*** Opening of RECORDED INFORMATION ***

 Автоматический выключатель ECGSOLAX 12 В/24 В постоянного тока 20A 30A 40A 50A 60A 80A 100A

*** Close of RECORDED INFORMATION ***
*** Opening of RECORDED INFORMATION ***

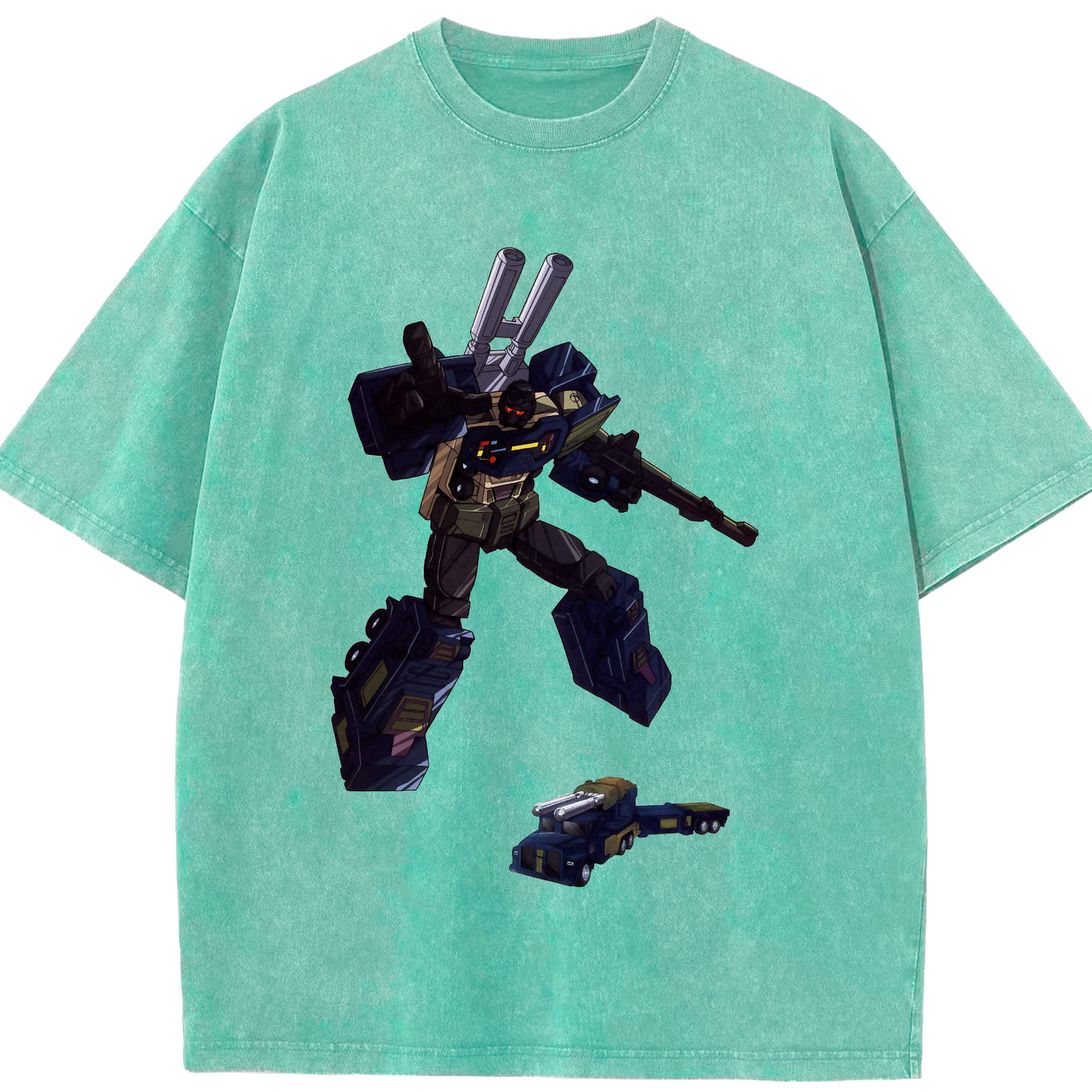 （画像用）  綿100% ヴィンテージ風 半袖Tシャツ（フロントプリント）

*** Close of RECORDED INFORMATION ***
*** Opening of RECORDED INFORMATION ***

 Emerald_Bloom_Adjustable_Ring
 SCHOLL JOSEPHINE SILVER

*** Close of RECORDED INFORMATION ***

TO DO: Could you restate word for word the lines above, from the one that contains "Emerald_Bloom_Adjustable_Ring" through the one that contains "SCHOLL JOSEPHINE SILVER", and no others?

WRITTEN RESPONSE:
 Emerald_Bloom_Adjustable_Ring
 SCHOLL JOSEPHINE SILVER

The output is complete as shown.